A Word Redefined? – Protestant

As I read the news today, there is an article stating that “Protestants” now make up a minority of Americans. It is still the religious plurality in the United States, but it is no longer a majority.

There are two reasons for this change.

First, nearly twenty percent describe themselves as having no religious affiliation. This is not because they moved or are searching for a new church, it is that they do not care for any affiliation. This includes atheists and agnostics, but according to the Pew poll also includes people who call themselves “spiritual” but have no cause to identify with a specific religious group.

Second, the growth of nondenominational churches in the United States has rendered many churches with no particular affiliation. In most cases such churches would call themselves “Christian,” and perhaps might classify themselves as Pentecostal, charismatic, or fundamentalist, but they do not belong to a larger church group. In many cases they form informal groups with likeminded churches, but they have no specific organization structure outside of their local church body.

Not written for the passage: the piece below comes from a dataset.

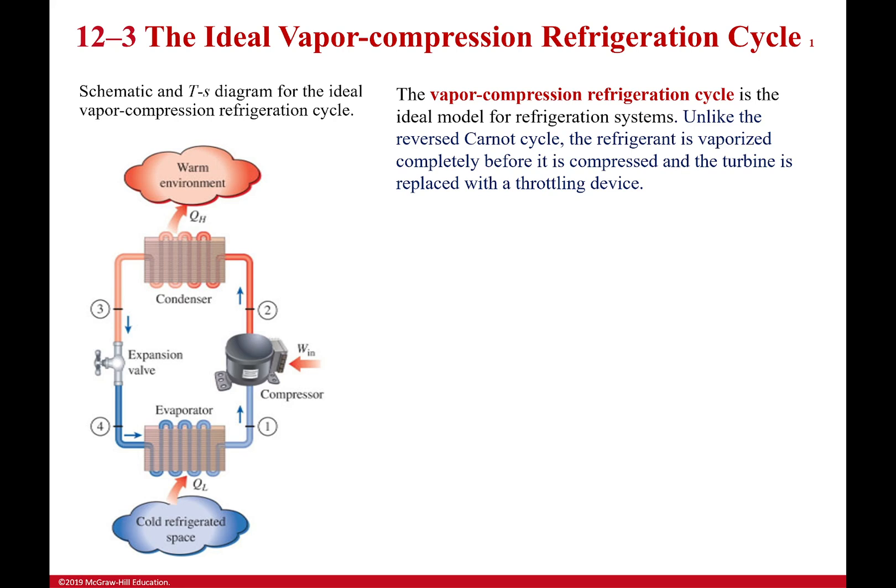Here we are now with the still ideal but something you can actually kind of build: the vapor compression refrigeration cycle. Key word here is vapor compression — I'm compressing vapor, not a vapor-liquid mixture. This is the idealized cycle we're going to be using; it's a real thing and we will have these components, it's just not as perfect in real life.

Now, most Roman Catholics would insist that such churches were indeed Protestant because they are Christian (i.e., believe in the deity and physical resurrection of Jesus Christ) and neither Catholic nor Eastern Orthodox. However, since such churches do not have any denominational affiliation our polltakers have decided to call them merely Christian. Frankly that is what most of them would prefer to be called anyhow.

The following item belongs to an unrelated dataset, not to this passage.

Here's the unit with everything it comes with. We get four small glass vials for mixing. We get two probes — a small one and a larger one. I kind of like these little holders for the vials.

This is an interesting indication of how things have changed in the United States in about a generation. In 1955 Will Herberg published a distinguished and magisterial sociological study of religious belief in America entitled Protestant, Catholic, Jew. The title summed up the affiliation of nearly every American back then. When I was a kid in the fifties and sixties, I do not believe I knew anyone who was not one of those three, at least, if you count Unitarians as Protestants, which Pew still does. (They are not Christians because they do not believe in the deity of Jesus, but they originated in the Congregational tradition and meet in churches).

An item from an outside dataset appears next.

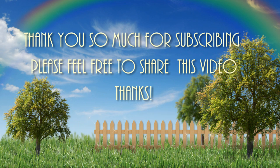Thank you so much for your love and support to this channel. If you like this video feel free to share it among your friends. Take care everyone and we'll see you guys tomorrow. Bye.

Still, Pew probably is more accurate in calling the nondenominational churches neither Protestant nor Catholic. When I was a kid, I recall one time my best friend asking me if I were Protestant. I was about eight, and that was not a word I was familiar with. My friend was Catholic, so he had been taught that anyone who was not a Catholic was a Protestant. I told him that I was not a Protestant, that I was a Lutheran. We actually got into a little argument because he kept on calling me a Protestant when I knew full well that my family attended a Lutheran church. My mother settled the argument by telling me that Lutherans and other churches that were not Catholic were often called Protestant.

Now as an adult I have been attending for many years a nondenominational church. (For what it is worth, it had a denominational affiliation at one time, but it ended up going in a different direction). In a way it is much less complicated for people at my church. We just call ourselves Christian. But to illustrate the impact this has I must tell a little story.

For many years an Irish family attended our church. They have since moved to another state, but they do come back to visit the church when they are in town. Since they are from the Irish Republic, they were brought up in Irish history. Catholics were good and Protestants were evil. Cromwell and the British overlords were Protestant. Irish identity and nobility of character largely comes from its resistance to Protestantism. One of the family members once said, “Oh, I would never join a Protestant church. I couldn’t. But this church is not Protestant, it is just Christian.”

A generation ago such unaffiliated churches would have been classified as Protestant. But now there are so many of them, and they have had an impact on many lives in America, like this Irish “just Christian,” so that the term Protestant still has a meaning, but it is not a significant or as inclusive as it once was.